E para não deixar outro pormenor para trás, contou-me um dia também o condutor Boubon, impedido do 2º comandante e seu confidente, que tinha muito apreço por mim e ia dar-me um Louvor. Não chegou a dar, porque com o fim dos CA não voltei a S. Domingos e fiquei adido a outros serviços em Bissau. O nosso major presidente do CA não voltou com o seu batalhão no mesmo barco, porque teria de assinar as contas das novas companhias independentes, e por lá ficou.
Disse ao Burbon na despedida, que ele ia voltar para casa, mas o major não, e depois iria novamente para outra comissão. Disse-lhe que lamentava não se despedir de mim, e que ficou em divida comigo e com os louvores. O Burbon, um bem sucedido industrial têxtil de Guimarães, vinha passar férias em Vila do Conde e encontrámo-nos imensas vezes, e por ele vim a saber tanta coisa que me passou ao lado, porque não fazia parte do tal Casino de S. Domingos.
(4) Recebia mensalmente a quantia de 12500$ para despesas com informadores, presentes para os Homens Grandes das tabancas, e outras que nem eu sei. Não tinha de prestar contas.
Quem acompanhava este cofre, era o nosso Tesoureiro, e diz ele que o comandante de uma seriedade sem fim, pouco gastava e o saldo passava de mês para mês chegando a acumular muito dinheiro. Parte desse dinheiro era também entregue aos Comandantes das companhias, e outras subunidades independentes. Mas nada sei em concreto do uso deste fundo.
(5) Falava-se de muita coisa, pois havia sempre uma percentagem de pessoal que não aparecia nas refeições, mas no mapa constava sempre a totalidade, e as refeições eram feitas com menos quantidade, menos gastos, e compensada com outras faturas/papéis de compras locais, que bastava o dedo para a assinatura
(6) Uma companhia no Boé (a CCAÇ1589), por exemplo, que tinha mais de 300 ataques e flagelações por ano, todas tinham ‘materias e bens destruidos´que depois teriam de ser substituidos por outros , comprados no mercado local, com assinatura por dedo, e os dinheiros não sei que destino levaram.
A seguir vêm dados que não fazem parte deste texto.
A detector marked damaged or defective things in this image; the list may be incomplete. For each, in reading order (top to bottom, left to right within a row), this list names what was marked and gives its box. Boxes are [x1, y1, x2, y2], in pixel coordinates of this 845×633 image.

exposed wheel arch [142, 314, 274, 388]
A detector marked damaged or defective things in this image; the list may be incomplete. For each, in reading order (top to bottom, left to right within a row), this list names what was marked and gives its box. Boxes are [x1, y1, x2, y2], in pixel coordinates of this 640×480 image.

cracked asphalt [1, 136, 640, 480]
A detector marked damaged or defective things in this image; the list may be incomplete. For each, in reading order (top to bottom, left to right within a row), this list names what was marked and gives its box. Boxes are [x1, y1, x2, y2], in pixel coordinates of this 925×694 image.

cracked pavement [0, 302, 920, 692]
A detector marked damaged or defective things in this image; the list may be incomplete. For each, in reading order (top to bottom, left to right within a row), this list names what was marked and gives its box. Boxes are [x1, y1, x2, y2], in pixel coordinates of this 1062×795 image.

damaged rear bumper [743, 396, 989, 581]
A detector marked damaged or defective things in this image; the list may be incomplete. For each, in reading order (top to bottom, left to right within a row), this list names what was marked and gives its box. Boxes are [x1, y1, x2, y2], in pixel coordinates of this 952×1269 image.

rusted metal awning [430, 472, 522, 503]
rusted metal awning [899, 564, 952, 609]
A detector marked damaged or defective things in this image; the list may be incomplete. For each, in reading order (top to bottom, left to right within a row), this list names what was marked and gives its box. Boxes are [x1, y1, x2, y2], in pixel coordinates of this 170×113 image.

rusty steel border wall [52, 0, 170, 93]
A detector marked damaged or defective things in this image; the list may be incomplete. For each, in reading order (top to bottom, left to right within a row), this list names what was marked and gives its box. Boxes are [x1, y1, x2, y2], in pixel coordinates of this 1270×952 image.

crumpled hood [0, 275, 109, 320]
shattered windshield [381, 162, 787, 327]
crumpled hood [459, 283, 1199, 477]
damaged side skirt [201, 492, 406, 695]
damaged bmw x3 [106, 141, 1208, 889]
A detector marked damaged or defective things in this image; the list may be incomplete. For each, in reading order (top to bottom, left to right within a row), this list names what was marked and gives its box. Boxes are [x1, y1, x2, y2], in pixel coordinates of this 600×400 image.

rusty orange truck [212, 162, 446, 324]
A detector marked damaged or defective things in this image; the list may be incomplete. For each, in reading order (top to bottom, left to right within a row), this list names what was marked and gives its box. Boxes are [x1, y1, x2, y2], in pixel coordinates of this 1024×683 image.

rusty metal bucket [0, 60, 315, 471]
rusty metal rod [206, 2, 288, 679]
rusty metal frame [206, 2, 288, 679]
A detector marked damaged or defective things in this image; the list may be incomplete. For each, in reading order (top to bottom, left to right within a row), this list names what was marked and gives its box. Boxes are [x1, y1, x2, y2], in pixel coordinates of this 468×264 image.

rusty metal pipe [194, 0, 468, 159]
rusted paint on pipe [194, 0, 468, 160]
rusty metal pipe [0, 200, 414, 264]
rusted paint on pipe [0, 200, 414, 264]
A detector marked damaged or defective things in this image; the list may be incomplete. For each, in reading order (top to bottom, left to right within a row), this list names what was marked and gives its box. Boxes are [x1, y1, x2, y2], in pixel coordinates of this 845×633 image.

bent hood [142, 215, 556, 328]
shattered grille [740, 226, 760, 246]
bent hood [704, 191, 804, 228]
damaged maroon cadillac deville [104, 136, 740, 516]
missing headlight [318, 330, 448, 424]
Ou, os bens destruidos, alimentares, gasolinas, e afins, podiam ser substituidos por novas remessas da Manutenção Militar e, como não eram precisos, vendia-se às populações locais cuja receita era revertida para a Unidade, para o seu Fundo Privativo, vulgarmente conhecido pelo famoso nome de ‘saco azul’ ( ninguém quer aceitar e confirmar a sua existência).
Isto não é invenção minha, não só porque se via claramente a sua ilegitimidade, como acabou por ser denunciado pelos próprios beneficiários do esquema.
Não valia a pena levantar a lebre, pois quem ficava mal era o CC e tudo se passava com a maior normalidade. No final faziam parte das contas do Estado e os Fundos do Tesouro.
(7) Isto quer dizer que, no fim da comissão, o CA nomeadamente o CC nunca poderia ter Guia de Marcha para a Metrópole, sem as contas aprovadas, o que era também extensivel ao Presidente do CA e também ao próprio Comandante.
Daí que sendo o CC o responsável final na aprovação das contas, era tratado com cuidado e respeitado por todos. Os comandantes tinham sempre muito medo de no final não poderem embarcar por falta de aprovação das contas.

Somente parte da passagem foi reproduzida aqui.